Your generous support has funded all the research listed below.

For more information on FARA-funded research & scientists, please visit FARA Supported Research, Active Clinical Trials and the Featured Scientist.



Chemical synthesis of lipophilic methylene blue analogues which increase mitochondrial biogenesis and frataxin levels

As part of an ongoing program to develop potential therapeutic agents for the treatment of the neurodegenerative disease Friedreich׳s ataxia (FRDA), this group has prepared a number of lipophilic methylene blue analogues. Some of these compounds significantly increase mitochondrial biogenesis and frataxin levels in cultured Friedreich's ataxia cells . This data article describes the chemical synthesis and full physicochemical characterization of the new analogues.

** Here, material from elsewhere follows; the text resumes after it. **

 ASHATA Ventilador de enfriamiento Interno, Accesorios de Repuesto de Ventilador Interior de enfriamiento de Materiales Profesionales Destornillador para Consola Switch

Read the entire article HERE

Activating frataxin expression by single-stranded siRNAs targeting the GAA repeat expansion

Friedreich's ataxia (FRDA) is an incurable neurodegenerative disorder caused by reduced expression of the mitochondrial protein frataxin (FXN). The genetic cause of the disease is an expanded GAA repeat within the FXN gene. Agents that increase expression of FXN protein are a potential approach to therapy. This group has previously described anti-trinucleotide GAA duplex RNAs (dsRNAs) and antisense oligonucleotides (ASOs) that activate FXN protein expression in multiple patient derived cell lines. Here they test two distinct series of compounds for their ability to increase FXN expression. ASOs with butane linkers showed low potency, which is consistent with the low Tm values and suggesting that flexible conformation impairs activity. By contrast, single-stranded siRNAs (ss-siRNAs) that combine the strengths of dsRNA and ASO approaches had nanomolar potencies. ss-siRNAs provide an additional option for developing nucleic acid therapeutics to treat FRDA.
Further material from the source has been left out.